◆ WHAT YOU NEED TO DO ◆
Please transcribe, word for word, only the lines from the one containing "White and rose" through the last line of the records below, both included, and leave out every picture.

[Opening DATA SHOWN section]

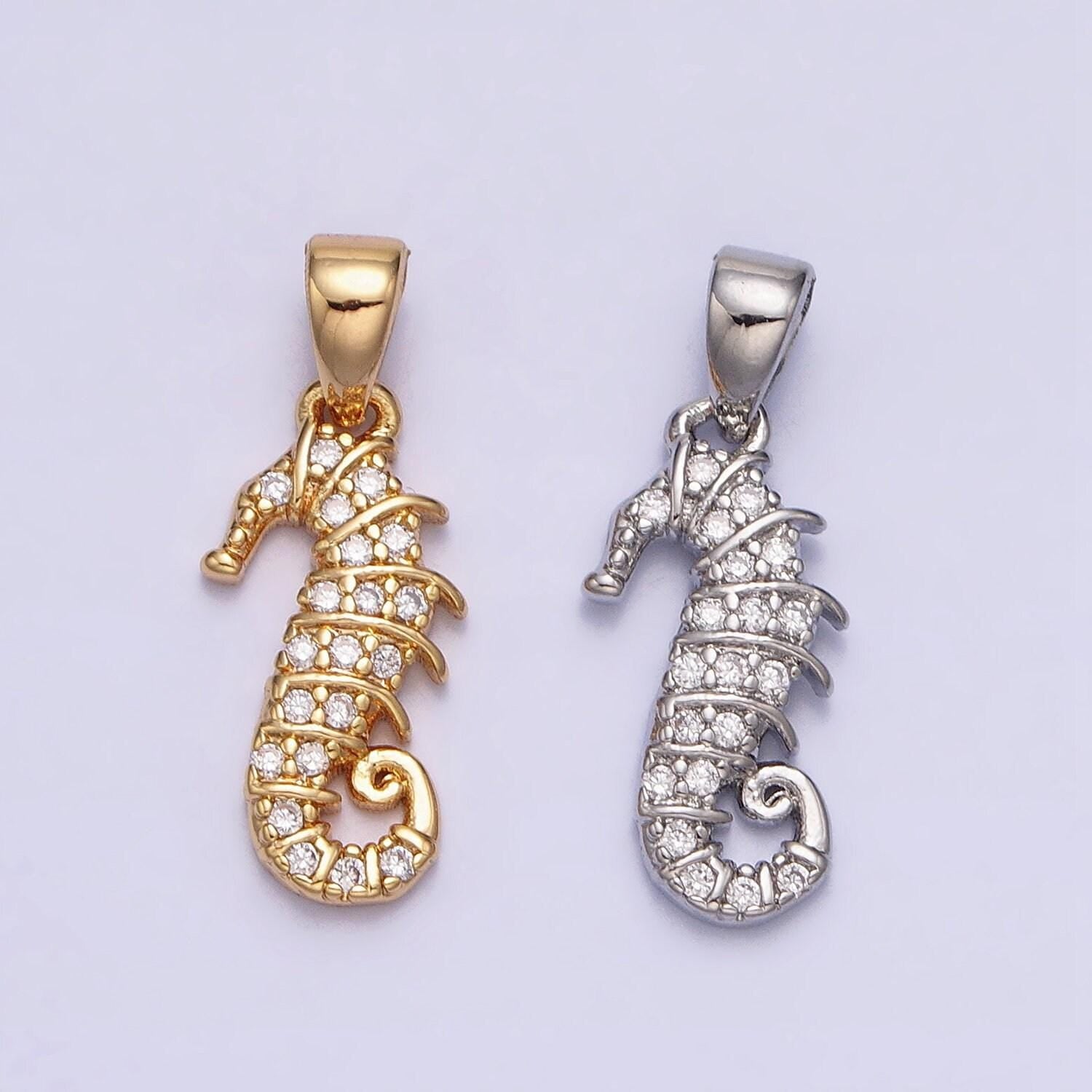 Gold sea horse gold filled pendant, micro pave under the sea charm inspired ocean animal pendant, diy jewelry bracelet necklace supply aa350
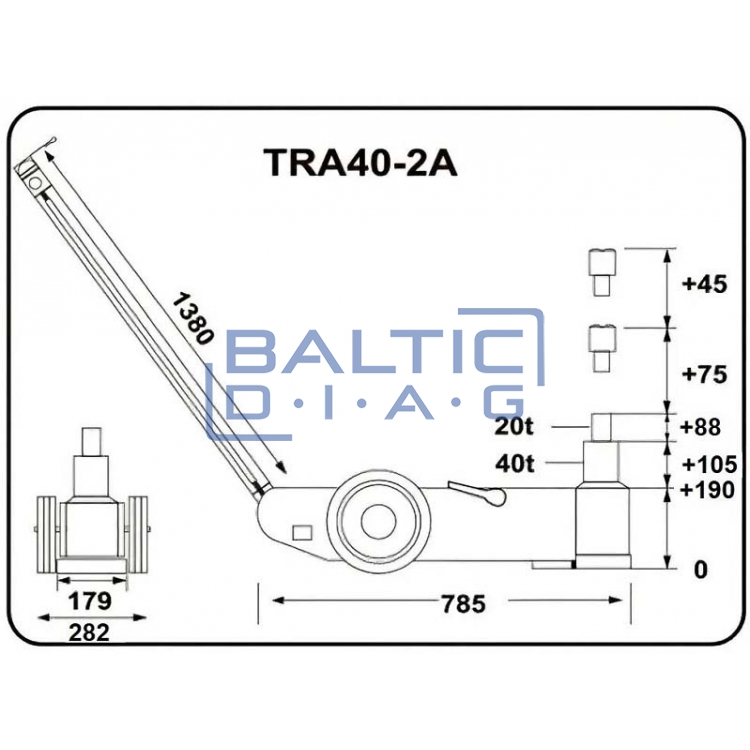 Pneumatic-hydraulic jack 40t / 20t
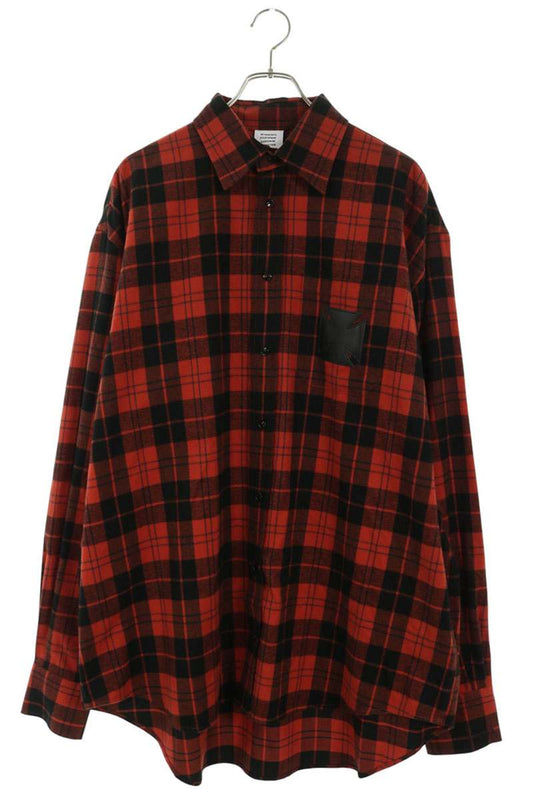 VETEMENTS 26SS Leather Cross Patch Flannel Shirt Red Size S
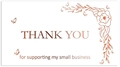 White and rose gold thank you supporting my small business card with floral design - K41 Style (Pack of 50)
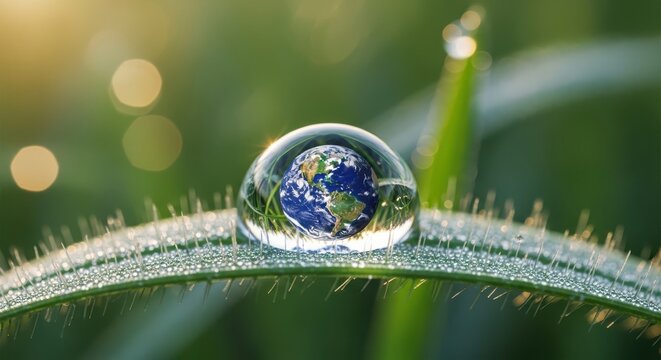 Water droplet showing earth reflection on green grass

[Closing DATA SHOWN section]

◆ EXERCISE OUTPUT ◆
 White and rose gold thank you supporting my small business card with floral design - K41 Style (Pack of 50)
 Water droplet showing earth reflection on green grass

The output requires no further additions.